======== EXERCISE DATA

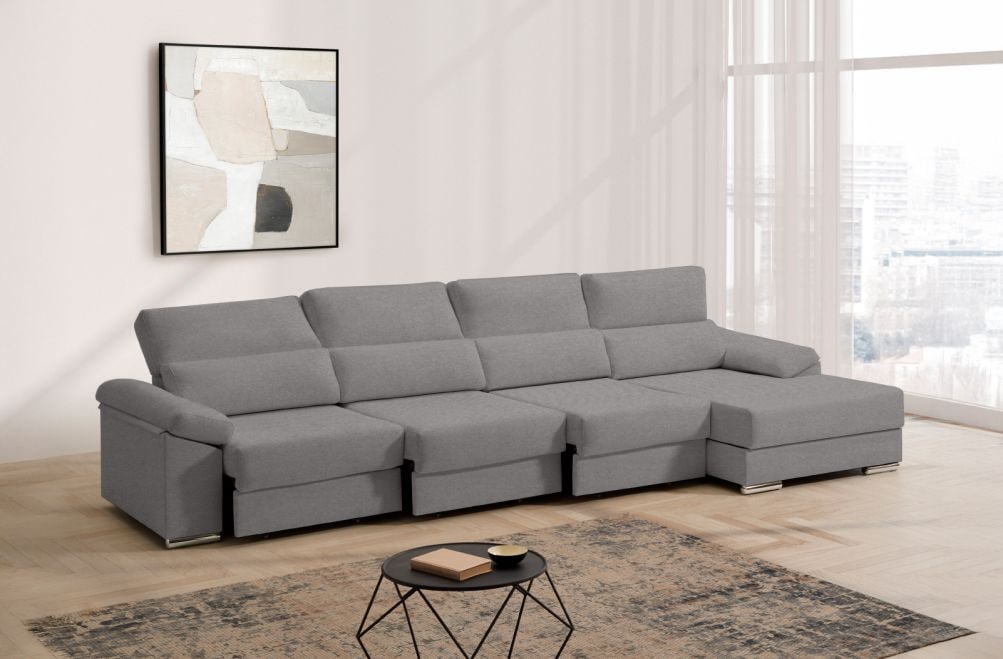 Sofá de tela Kevin Plus de HOME - principal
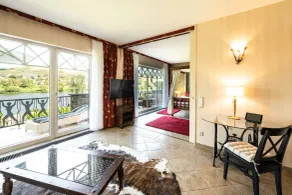Hotel Weisser Bär - Ausblick vom Zimmer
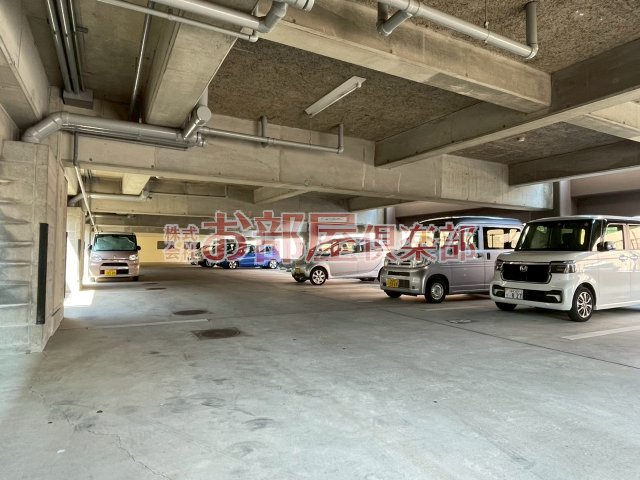 駐車場　駐車場があります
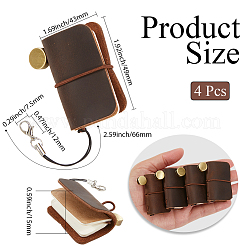 Carnet en cuir&nbsp;AJEW-CP0006-68C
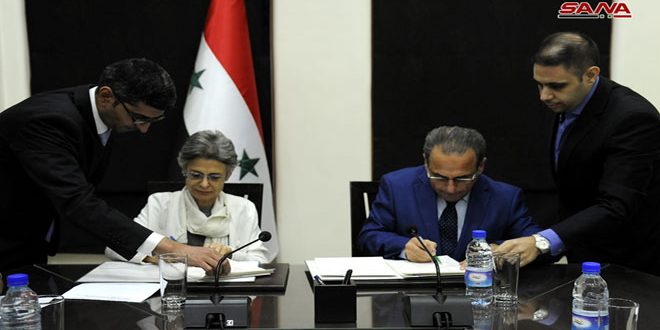 مذكرتا تعاون بين الصحة والصليب الأحمر في مجالات تشخيص وعلاج داء السكري واللاشمانيا
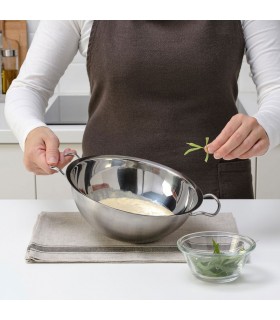 ظرف بخار پز ایکیا مدل KLOCKREN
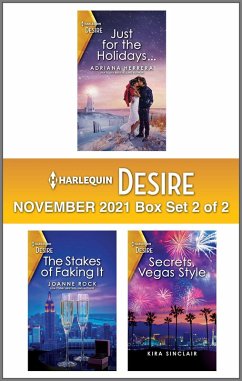 Harlequin Desire November 2021 - Box Set 2 of 2 (eBook, ePUB) - Herrera, Adriana; Rock, Joanne; Sinclair, Kira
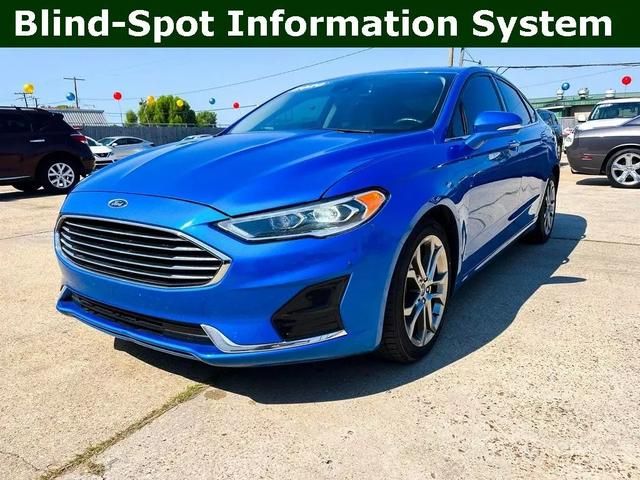 2020 Ford Fusion SEL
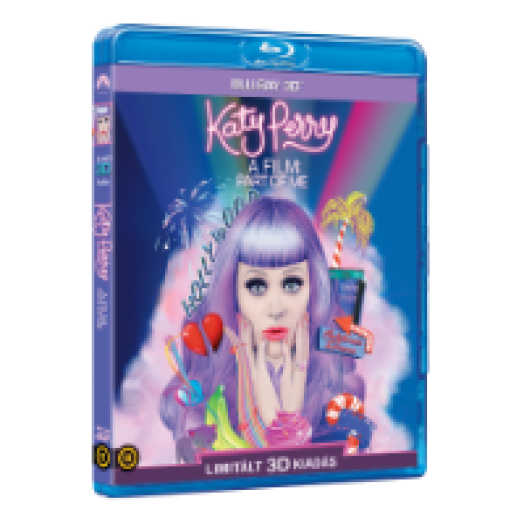 Katy Perry 3D Blu-ray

================

# [ABOUT THIS EXERCISE]
Although the records contain pictures, the copy should consist of their text alone, reproduced exactly.

# [RESULT]
 Sofá de tela Kevin Plus de HOME - principal
Hotel Weisser Bär - Ausblick vom Zimmer
 駐車場　駐車場があります
 Carnet en cuir&nbsp;AJEW-CP0006-68C
 مذكرتا تعاون بين الصحة والصليب الأحمر في مجالات تشخيص وعلاج داء السكري واللاشمانيا
 ظرف بخار پز ایکیا مدل KLOCKREN
 Harlequin Desire November 2021 - Box Set 2 of 2 (eBook, ePUB) - Herrera, Adriana; Rock, Joanne; Sinclair, Kira
 2020 Ford Fusion SEL
 Katy Perry 3D Blu-ray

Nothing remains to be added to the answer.